Mr. Avrakotos remained obscure until 2003, when ''60 Minutes" producer George Crile published ''Charlie Wilson's War," a best-selling description of how Wilson and Mr. Avrakotos strong-armed Congress and the bureaucracy into supporting the cause of the mujahideen. He may become still better known: Tom Hanks has bought the rights to turn the book into a movie.
Mr. Avrakotos was born in Aliquippa, Pa., the son of Greek immigrants, and attended Carnegie Institute of Technology until family finances forced him to leave after two years. He worked in a local steel mill, then sold beer and cigarettes to ethnic taverns throughout western Pennsylvania, learning to banter with the first-generation immigrants from eastern and central Europe. He returned to college and graduated from the University of Pittsburgh.
He joined the CIA in 1962, just after it began recruiting agents from beyond its Ivy League training grounds. Because he spoke Greek, he was assigned to Athens. While he was there, a military junta overthrew the democratic, constitutional government, and Mr. Avrakotos became the chief liaison to Greek colonels. Their fascist regime fell in 1974, and the November 17 terrorist group assassinated the CIA's station chief. CIA renegade Philip Agee, who had exposed the Athens station chief's name, exposed Mr. Avrakotos as well, and the Greek press vilified him for his role in the regime.
He left Greece in 1978. But he could not get another decent assignment with the CIA, Crile wrote, because his superiors considered him too uncouth.
A second-generation, working-class Greek American with a profane tongue and bare-knuckle character, Mr. Avrakotos never quite felt at home in the polished WASP world of the CIA's elite. When the intelligence scandals of the 1970s resulted in a purge of agents in 1977, most were first- or second-generation Americans and Mr. Avrakotos felt betrayed by the organization. Not one to let bygones be bygones, Mr. Avrakotos once showed a photograph of a colleague who had crossed him to an old Greek woman and requested that she put a curse on him.

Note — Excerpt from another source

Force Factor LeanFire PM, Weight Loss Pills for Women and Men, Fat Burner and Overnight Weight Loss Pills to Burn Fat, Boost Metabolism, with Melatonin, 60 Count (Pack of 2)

He eventually found a position with the Middle East desk at the CIA and worked his way into a position as section chief of the area that included Afghanistan. He was made a member of the elite Senior Intelligence Service in 1985 and received the Intelligence Medal of Merit in 1988.
''Throughout his Afghan tour, Avrakotos did things on a regular basis that could have gotten him fired had anyone chosen to barge into his arena with an eye toward prosecuting him. But then Avrakotos was not just lucky. He was brutally worldly wise, keenly aware of the internal risks he was taking. And so he always made it difficult for anyone to get him, should they try," Crile wrote.

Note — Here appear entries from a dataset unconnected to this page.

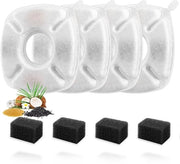 8 pezzi di filtri di ricambio per fontanella per gatti - 4-pack di filtri di ricambio per fontanella per gatti con 4 spugne di ricambio - adatto per fontanelle automatiche per gatti da 2,8 litri/95 oz.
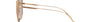 Bvlgari BV6170 20145A butterfly sunglasses for women in semi-rimless metal, with pink gold frame, and light brown mirrored flash gold lenses. 55mm in lens size, 17mm in bridge size, and 140mm in temple length.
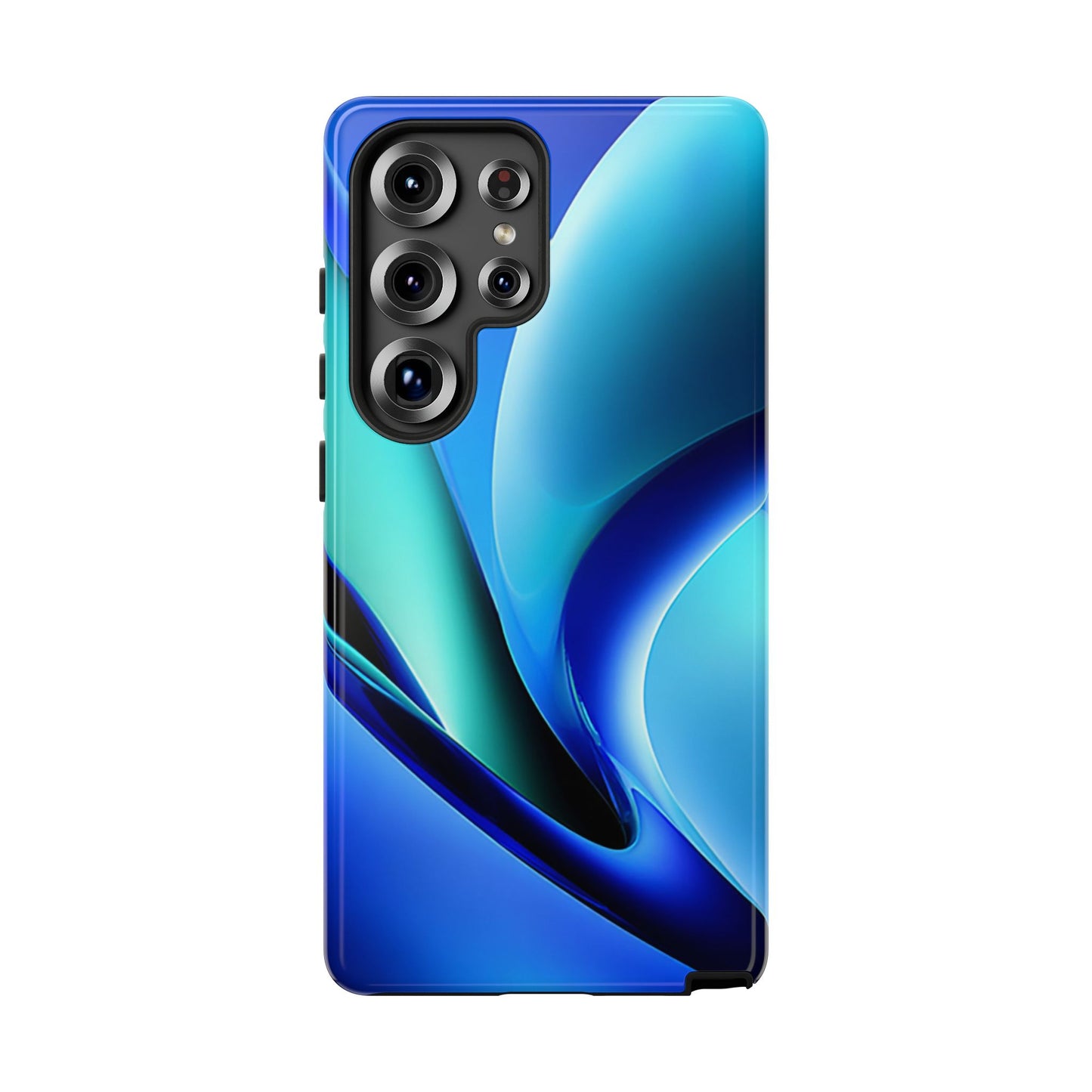 Abstract Blue/Turquoise Tough Phone Case – Compatible with iPhone & Samsung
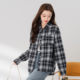 Baleno plaid lapel jacket spring loose and comfortable design niche casual versatile long-sleeved shirt for women J
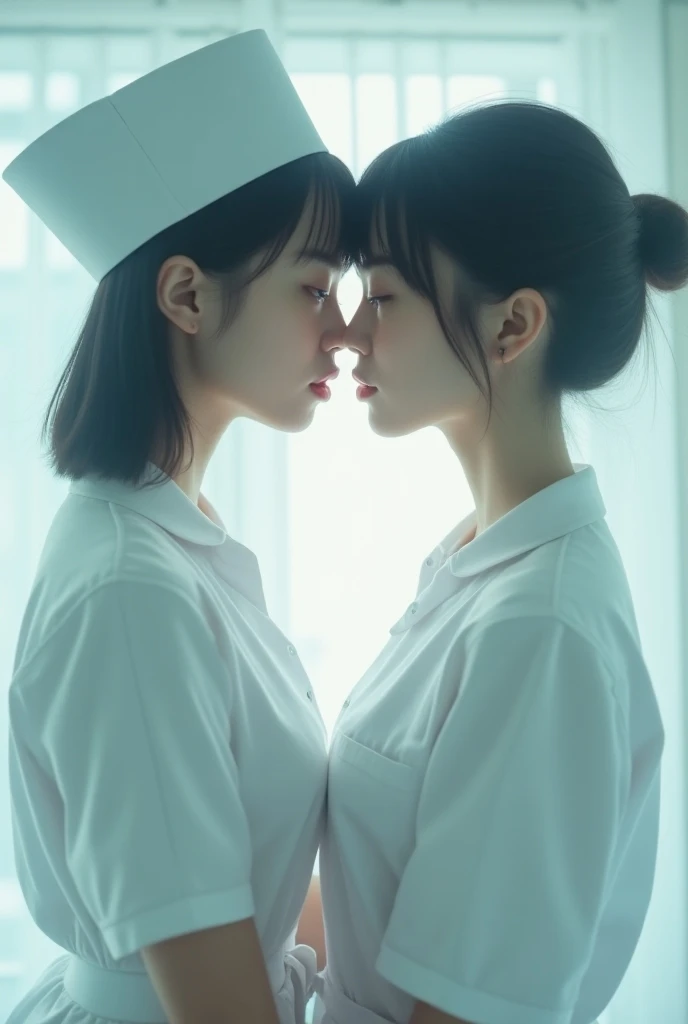 (masterpiece:1.4), (best quality:1.4), (extremely detailed:1.33),(ultra detailed),Japanese,20 years old,((2girls)),multiple girls,cute girl,standing in line,side by side,stick together,(black hair),((skinny body)),(small breast:1.1),
indoor,((blur background)),hospital,medical equipment,front lighting:1.1
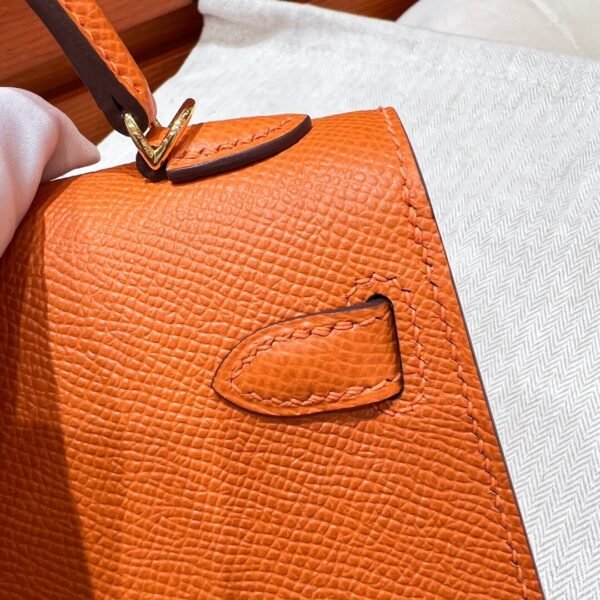 93 Orange Mini Kelly 19CM Epsom Leather Gold Hardware Full Handmade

Backed by Wilson's appropriations acumen, Mr. Avrakotos purchased so many weapons that he had to buy a special ship to move containers of them to Karachi. He badgered the Saudi Arabian government to keep a secret commitment to match US funds to the mujahideen and intimidated Senator Gordon J. Humphrey, a New Hampshire Republican, into quieting his criticism of the CIA. He batted away a proposal by Oliver North and Richard Perle to set up loudspeakers in the mountains to persuade Soviets to defect.
He shopped in Egypt for wheelbarrows and bicycles to be rigged as bombs. It was illegal to provide sniper rifles to foreigners, so he redefined the weapons as ''individual defensive devices . . . long-range, night-vision devices with scopes."
However, after he filed a memo warning against North's arms-for-hostages scheme, which came to be known as Iran-contra, his career ascent ended and he was reassigned to Africa.
He retired from the CIA in 1989, then worked for TRW in Rome and for News Corp., for whom he began a business intelligence newsletter, working in Rome and McLean, Va.
The McLean resident returned to work on contract for the CIA from 1997 until 2003.
His marriage to Judy Avrakotos ended in divorce.
Mr. Avrakotos leaves his wife of 19 years, Claudette; a son from his first marriage, Gregory of Melbourne Beach, Fla.; a sister; and two granddaughters.